Memory barriers are not just for compilers, they are also for CPUs (there exists CPU instructions, that are considered memory barriers while normal instructions are not). The CPU needs to know these barriers because CPUs like to reorder instructions to perform operations out of order. E.g. if you do
a = x + 3 // (1)
b = y * 5 // (2)
c = a + b // (3)
and the pipeline for additions is busy, but the pipeline for multiplication is not, the CPU may perform instruction (2)
before (1)
, after all the order won't matter in the end. This prevents a pipeline stall. Also the CPU is clever enough to know that it cannot perform (3)
before either (1)
or (2)
because the result of (3)
depends on the results of the other two calculations.

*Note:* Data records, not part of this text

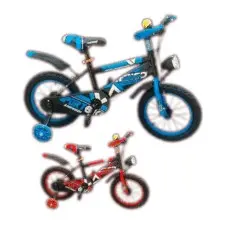 Bicicleta Aro 16 Kangu Lax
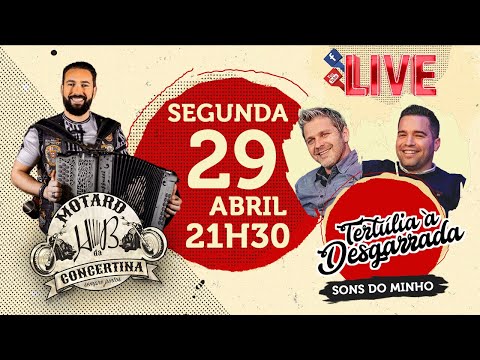 Tertúlia à Desgarrada com Hélder Baptista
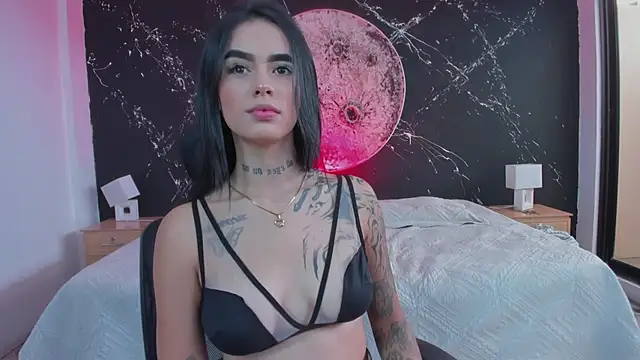 Luna-Evans online show from September 17, 8:18 pm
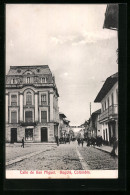 AK Bogotá, Calle De San Miguel  - Kolumbien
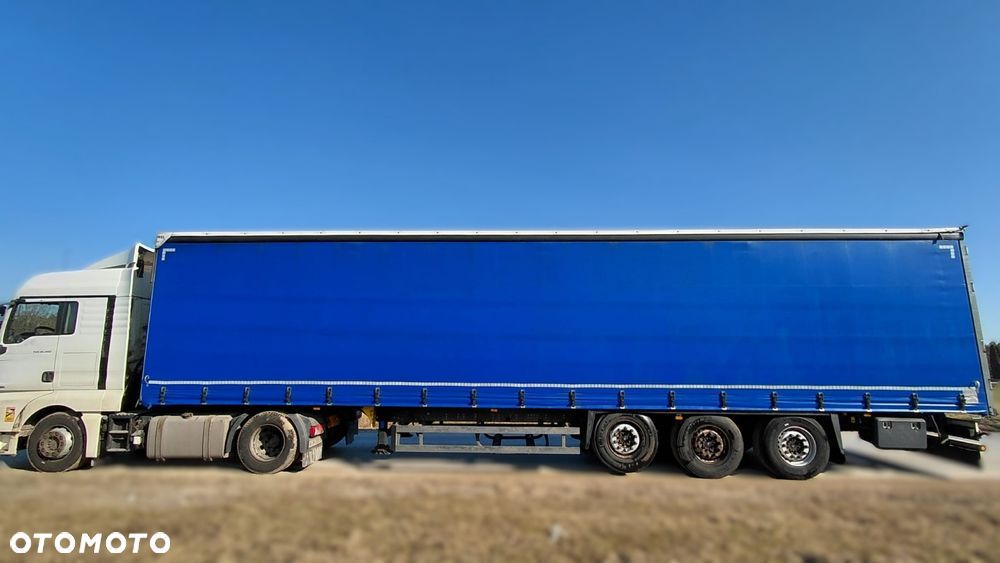 Schmitz Cargobull STANDART OŚ PODNOSZONA - 2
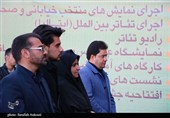 وداع اهالی فرهنگ و هنر کرمان با زنده یاد استاد مهدی ثانی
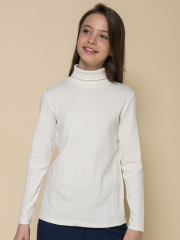 GFJS8195 Джемпер для девочек Молочный(28) Pelican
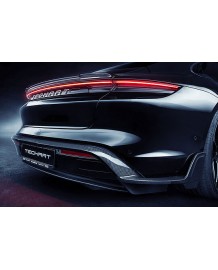 Panneau de diffuseur arrière TECHART Porsche TAYCAN (2020+)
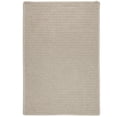 thumbnail image 1 of Colonial Mills 8' x 10' Ash Gray Handmade Braided Rectangular Area Throw Rug, 1 of 2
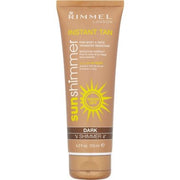 Rimmel Sunshimmer Instant Tan Makeup Dark Shimmer 125ml - Maison des fragrances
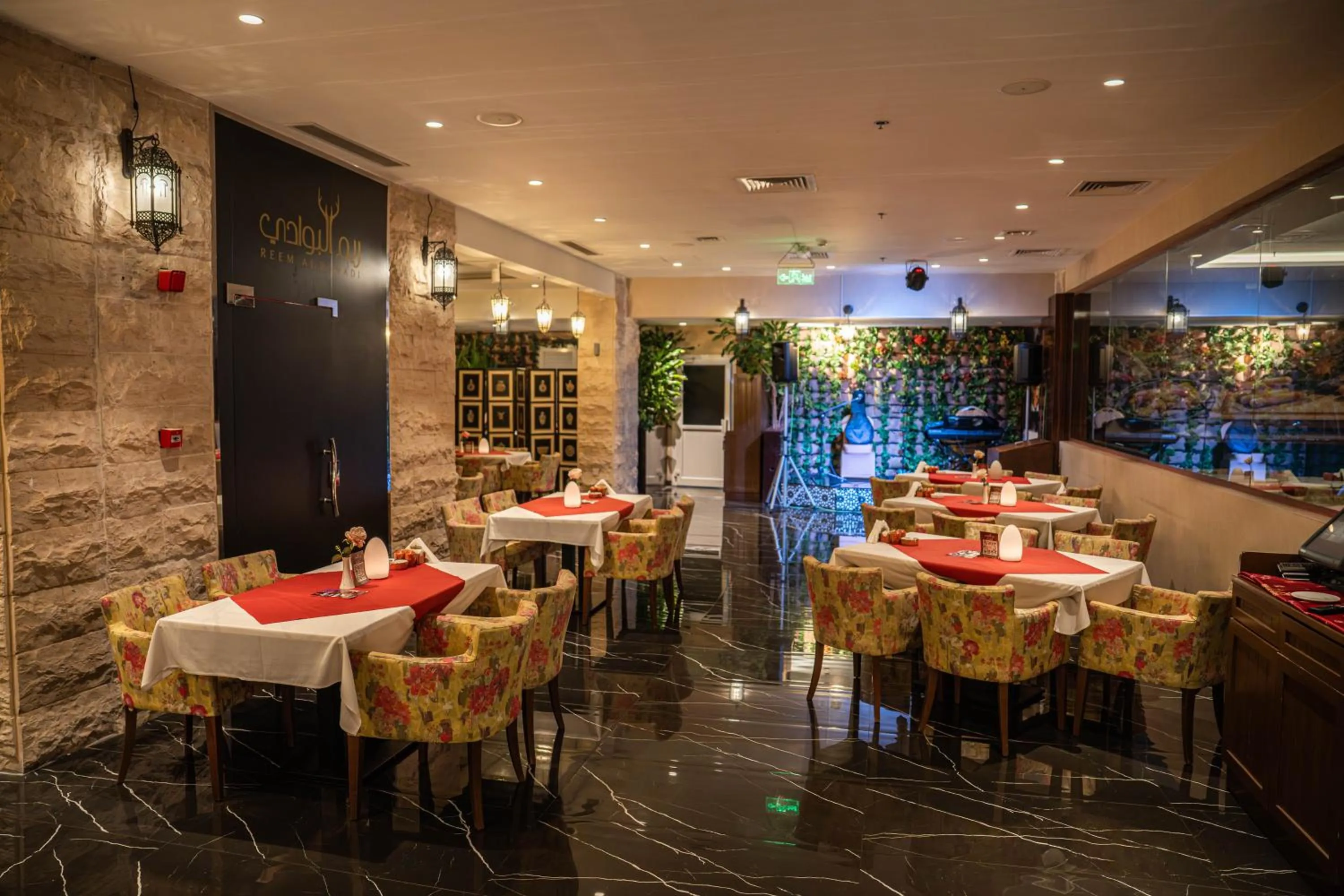 Restaurant/places to eat in Ramada by Wyndham Manama City Centre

Yet, certain kinds of order changes will break the code, or the intention of the programmer. Consider this example:
x = y + z // (1)
a = 1 // (2)
The addition pipe might be busy, so why not just perform (2)
before (1)
? They don't depend on each other, the order shouldn't matter, right? Well, it depends. Consider another thread monitors a
for changes and as soon as a
becomes 1
, it reads the value of x
, which should now be y+z
if the instructions were performed in order. Yet if the CPU reordered them, then x
will have whatever value it used to have before getting to this code and this makes a difference as the other thread will now work with a different value, not the value the programmer would have expected.
So in this case the order will matter and that's why barriers are needed also for CPUs: CPUs don't order instructions across such barriers and thus instruction (2)
would need to be a barrier instruction (or there needs to be such an instruction between (1)
and (2)
; that depends on the CPU). However, reordering instructions is only performed by modern CPUs, a much older problem are delayed memory writes. If a CPU delays memory writes (very common for some CPUs, as memory access is horribly slow for a CPU), it will make sure that all delayed writes are performed and have completed before a memory barrier is crossed, so all memory is in a correct state in case another thread might now access it (and now you also know where the name "memory barrier" actually comes from).
You are probably working a lot more with memory barriers than you are even aware of (GCD - Grand Central Dispatch is full of these and NSOperation
/NSOperationQueue
bases on GCD), that's why your really need to use volatile
only in very rare, exceptional cases. You might get away writing 100 apps and never have to use it even once. However, if you write a lot low level, multi-threading code that aims to achieve maximum performance possible, you will sooner or later run into a situation where only volatile
can grantee you correct behavior; not using it in such a situation will lead to strange bugs where loops don't seem to terminate or variables simply seem to have incorrect values and you find no explanation for that. If you run into bugs like these, especially if you only see them in release builds, you might miss a volatile
or a memory barrier somewhere in your code.